Oculus virtual reality headset owners won’t be able to delete their connected Facebook account without losing games, apps, and more.
The Oculus Quest 2 recently released, and with it came a new and refreshed opportunity for wireless virtual reality experiences on-par with PC VR. Oculus/Facebook soon announced that new buyers of Oculus products would need to register and connect a Facebook account to their devices in order to use them.
This information hasn’t been taken entirely well by the gaming community, and it seems with good reason, as some Oculus Quest 2 buyers have reported losing access to their device entirely after their accounts were disabled by Facebook. Now even more restrictions are coming to light, as it’s been revealed that anyone who connects an Oculus headset to a Facebook account and later deletes the account will lose just about everything on their Oculus.
To be clear, Oculus owners who purchased their headsets prior to the Quest 2 launching don’t need Facebook accounts – yet. Starting in 2023, this will change, and all users with Oculus accounts will be required to migrate to Facebook accounts in order for the headsets to work. While it was known that users would lose access to their apps if Facebook suspended their accounts, now it has come to light that anyone who connects an account and subsequently deletes it will lose access to their apps, purchases, credits, achievements, and any messages sent utilizing Messenger.
This is undoubtedly upsetting news for some early adopters of the new device. Deleting a Facebook account will effectively brick the Oculus Quest 2 (and any other Oculus headsets starting in 2023), nixing data and rendering it incapable of accessing the Oculus App store. Facebook hasn’t detailed any method at this time for restoring apps and data in the event of any accidental account deletions.
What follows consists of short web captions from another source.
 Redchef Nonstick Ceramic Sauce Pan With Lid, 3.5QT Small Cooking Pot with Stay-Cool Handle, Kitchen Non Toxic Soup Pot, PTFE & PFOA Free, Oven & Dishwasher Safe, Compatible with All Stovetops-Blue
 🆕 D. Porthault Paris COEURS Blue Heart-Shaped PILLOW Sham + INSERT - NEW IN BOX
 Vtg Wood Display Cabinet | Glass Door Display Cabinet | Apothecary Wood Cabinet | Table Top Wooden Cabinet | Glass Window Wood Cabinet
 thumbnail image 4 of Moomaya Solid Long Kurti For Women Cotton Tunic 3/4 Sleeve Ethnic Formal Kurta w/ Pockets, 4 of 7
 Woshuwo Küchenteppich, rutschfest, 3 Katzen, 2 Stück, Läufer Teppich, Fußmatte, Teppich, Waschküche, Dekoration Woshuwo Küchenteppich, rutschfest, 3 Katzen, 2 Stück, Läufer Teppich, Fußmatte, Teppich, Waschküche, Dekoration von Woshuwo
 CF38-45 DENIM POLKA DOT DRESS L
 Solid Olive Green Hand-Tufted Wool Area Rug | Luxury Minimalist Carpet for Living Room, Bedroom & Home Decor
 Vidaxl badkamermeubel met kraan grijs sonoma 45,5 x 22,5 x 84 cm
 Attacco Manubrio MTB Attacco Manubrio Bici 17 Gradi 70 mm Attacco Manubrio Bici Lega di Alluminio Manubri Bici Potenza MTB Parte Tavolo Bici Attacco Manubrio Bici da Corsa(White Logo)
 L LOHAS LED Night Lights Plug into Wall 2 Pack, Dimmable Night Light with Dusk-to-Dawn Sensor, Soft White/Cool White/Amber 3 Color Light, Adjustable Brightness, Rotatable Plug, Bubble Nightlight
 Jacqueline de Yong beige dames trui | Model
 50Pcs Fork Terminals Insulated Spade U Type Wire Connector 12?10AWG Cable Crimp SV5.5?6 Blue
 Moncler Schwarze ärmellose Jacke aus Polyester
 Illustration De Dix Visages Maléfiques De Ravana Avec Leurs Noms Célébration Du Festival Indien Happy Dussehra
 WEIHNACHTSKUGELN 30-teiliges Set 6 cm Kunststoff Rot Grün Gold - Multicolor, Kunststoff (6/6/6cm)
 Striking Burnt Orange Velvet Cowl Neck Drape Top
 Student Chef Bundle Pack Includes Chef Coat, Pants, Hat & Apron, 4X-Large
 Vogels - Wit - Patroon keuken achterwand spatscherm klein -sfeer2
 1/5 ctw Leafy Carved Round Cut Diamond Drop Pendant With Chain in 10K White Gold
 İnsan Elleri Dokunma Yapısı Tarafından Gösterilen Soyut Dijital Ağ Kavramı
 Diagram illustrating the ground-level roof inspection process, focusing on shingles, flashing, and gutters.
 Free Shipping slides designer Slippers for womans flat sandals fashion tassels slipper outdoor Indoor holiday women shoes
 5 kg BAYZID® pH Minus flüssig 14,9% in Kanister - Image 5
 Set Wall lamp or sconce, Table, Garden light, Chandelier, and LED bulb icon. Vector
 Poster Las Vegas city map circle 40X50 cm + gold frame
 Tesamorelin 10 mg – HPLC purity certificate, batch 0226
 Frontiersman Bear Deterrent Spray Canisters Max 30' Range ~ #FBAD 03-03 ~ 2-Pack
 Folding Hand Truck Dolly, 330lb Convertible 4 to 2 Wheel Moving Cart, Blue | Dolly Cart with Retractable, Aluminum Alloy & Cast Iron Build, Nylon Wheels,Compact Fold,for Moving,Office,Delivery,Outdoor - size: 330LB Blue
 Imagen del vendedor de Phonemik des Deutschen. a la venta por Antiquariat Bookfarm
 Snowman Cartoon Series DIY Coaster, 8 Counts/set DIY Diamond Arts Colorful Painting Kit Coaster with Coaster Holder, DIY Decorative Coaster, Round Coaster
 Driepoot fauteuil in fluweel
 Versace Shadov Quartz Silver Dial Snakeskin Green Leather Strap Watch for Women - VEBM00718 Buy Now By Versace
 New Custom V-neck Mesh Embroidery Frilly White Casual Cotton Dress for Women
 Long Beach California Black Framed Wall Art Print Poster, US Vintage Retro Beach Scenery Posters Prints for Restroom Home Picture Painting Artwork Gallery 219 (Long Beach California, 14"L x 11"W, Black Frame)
For now, Facebook doesn’t seem to be budging on its policies. This has led to the sales of the Oculus headsets being paused in Germany, as the country’s officials have questioned the legality of requiring sharing personal data with Facebook in order to access the units.
For now, there isn’t much Oculus owners can do except to keep an eye on the situation, unless they decide they no longer want their headset and are still within their 30-day return window. Plenty could change between now and 2023, so those who picked up their headsets prior to this rule being put in effect may see the situation change entirely in the next few years, especially if other governments choose to step in. While Facebook is standing firm for now, as more virtual reality devices are produced, the requirement could ultimately drive customers to Facebook’s VR competitors.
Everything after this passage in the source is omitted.